Due to a lack of funds, colleges often rely on outside organizations to intervene and help students better cope with their mental health problems. Active Minds, the National Alliance on Mental Illness (NAMI) and Mental Health America are organizations with myriad college chapters focused on creating college campaigns to help those with mental illnesses, working to end the stigma associated with mental illness, according to Substance Abuse and Mental Health Services.

Balancing safety and stigma

With suicide still a rather taboo topic on college campuses, a lack of resources and fear of stigma put college students in danger of never seeking or receiving treatment. NAMI reported that 57 percent of college students did not seek help from their schools for mental health conditions. The number one reason reported by those students for why they did not seek help was fear of stigma, according to NAMI.

In the weeks before Katrina Tagget’s suicide, she drafted a paper for a class entitled, “The Misconception of Suicide,” in which she wrote, “The act of killing oneself is absolutely taboo, to the point where someone who even considers doing such a thing is often taught to feel ashamed.”

Jacobs said she’s afraid to let her friends know how much she’s struggling with the pressures of school, because they can handle it and she can’t. She said she also feels the stigma associated with her depressive thoughts.

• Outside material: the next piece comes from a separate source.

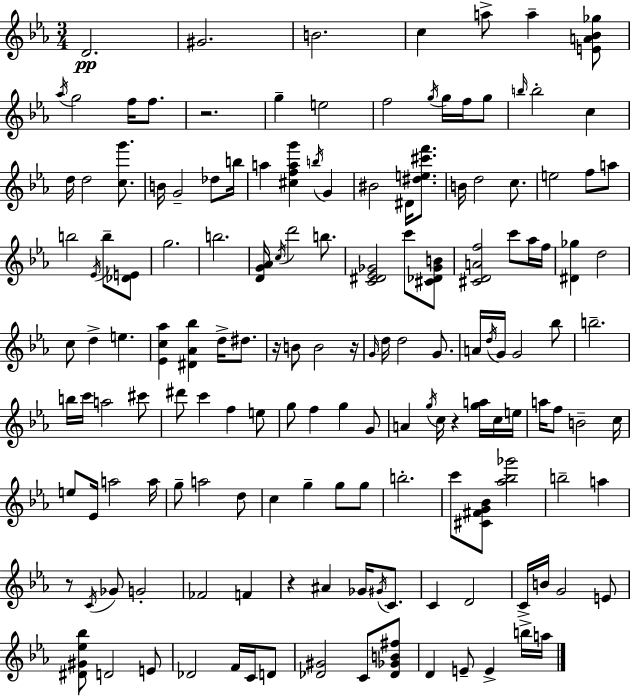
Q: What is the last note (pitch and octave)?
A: A5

Kingkade’s article referenced students who were removed from campus after reporting their suicidal thoughts and behaviors to campus mental health services.

In 2013, a Yale student was forced to withdraw from the university after being admitted to the hospital for cutting herself. Another student, an incoming freshman, was told to get mental health treatment before starting at Yale because of her history of mental illness. Even after she complied, Yale still forced her to take time off, according to Kingkade.

In Kingkade’s article, the Jed Foundation said they don’t like when students are removed from campus, even if it’s said to be for the safety of the student body and the individual student. The Jed Foundation believes it makes others suffering from mental illness afraid to ask for help.

Proposed legislation is working to combat the stigma perpetuated by colleges.

Madison Holleran, a 19-year-old University of Pennsylvania student, took her life in 2013 when the mounting pressures of college were too much. According to an article in the New York Daily News written by Nina Golgowski in February 2015, the Madison Holleran Law, proposed by Madison’s former teacher, would force schools to report the annual number of student suicides and attempted suicides. The goal of the law is to promote more transparency and accountability, combating some of the stigma produced when suicides are concealed by colleges.